I agree. I was about to write to Paolo the exact same thing.
/*
* If a posted intr is not recognized by hardware,
* we will accomplish it in the next vmentry.
*/
vmx->nested.pi_pending = true;
kvm_make_request(KVM_REQ_EVENT, vcpu);
kvm_vcpu_kick(vcpu);
}
See the comments around the setting of IN_GUEST_MODE, introduced by
commit b95234c84004 ("kvm: x86: do not use KVM_REQ_EVENT for APICv
interrupt injection", 2017-02-15).
Even though nested PI must use KVM_REQ_EVENT, the reasoning behind the
ordering of cli and vcpu->mode = IN_GUEST_MODE should hold in both cases.
I think the fix is correct, but the code is using very awkward
synchronization through vmx->nested.pi_pending and slaps KVM_REQ_EVENT
on top.
If we checked vmx->nested.pi_pending after cli, we could get rid of
KVM_REQ_EVENT and if we want to support nested posted interrupts from
PCI devices, we should explicitly check for pi.on during VM entry.
I like this suggestion.
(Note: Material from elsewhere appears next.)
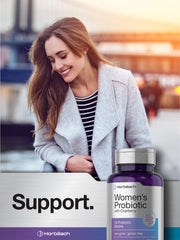 Graphic highlighting health benefits for women's probiotic health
If I understand correctly, these are the changes
I will do for v2 of this patch:
1. I Will change vmx_deliver_nested_posted_interrupt() to first set
pi_pending=true and then call kvm_vcpu_trigger_posted_interrupt(). No
need to set KVM_REQ_EVENT and no need to check
kvm_vcpu_trigger_posted_interrupt() ret-val.
2. I will create a kvm_x86_ops->complete_nested_posted_interrupt() that
will be called from vcpu_enter_guest() just after sync_pir_to_irr() is
called but outside the "if" for kvm_lapic_enabled().
3. I will remove call to vmx_complete_nested_posted_interrupt() from
vmx_check_nested_events(). That call-site had a bug anyway that I fixed
in another patch-series I posted here. This change will make that patch
(not the series) redundant. See redundant patch here:
https://marc.info/?l=kvm&m=150989090007281&w=2
I will prepare a v2 patch by this suggestion and send it.
Thanks!
-Liran
Kicks do not seem necessary as the only case where we need the kick is
the same case where kvm_vcpu_trigger_posted_interrupt() should just
deliver the interrupt.